Inverse engineering for fast transport and spin control of spin-orbit-coupled Bose-Einstein condensates in moving harmonic traps

TL;DR

This paper develops inverse engineering protocols for rapid transport and spin control of spin-orbit-coupled Bose-Einstein condensates in moving harmonic traps, enabling fast and robust manipulation suitable for experimental realization.

Contribution

It introduces a novel inverse engineering method based on shortcuts to adiabaticity for simultaneous fast transport and spin flip in spin-orbit-coupled BECs.

Findings

Achieves simultaneous fast transport and spin flip with boundary condition design.

Demonstrates robustness of protocols against interatomic interactions.

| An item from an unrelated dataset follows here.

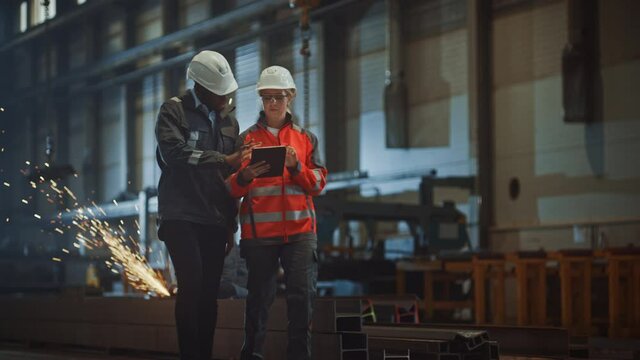 Two Heavy Industry Engineers Walk in Steel Factory, Use Tablet and Discuss Work. Industrial Worker Uses Angle Grinder in the Background. Black African American Specialist Talks to Female Technician.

Provides numerical validation comparing non-adiabatic and adiabatic processes.

Abstract

We investigate fast transport and spin manipulation of tunable spin-orbit-coupled Bose-Einstein condensates in a moving harmonic trap. Motivated by the concept of "shortcuts to adiabaticity", we design inversely the time-dependent trap position and spin-orbit coupling strength. By choosing appropriate boundary conditions we obtain fast transport and spin flip simultaneously. The non-adiabatic transport and relevant spin dynamics are illustrated with numerical examples, and compared with the adiabatic transport with constant spin-orbit-coupling strength and velocity. Moreover, the influence of nonlinearity induced by interatomic interaction is discussed in terms of the Gross-Pitaevskii approach, showing the robustness of the proposed protocols. With the state-of-the-art experiments, such inverse engineering technique paves the way for coherent control of spin-orbit-coupled Bose-Einstein condensates in harmonic traps.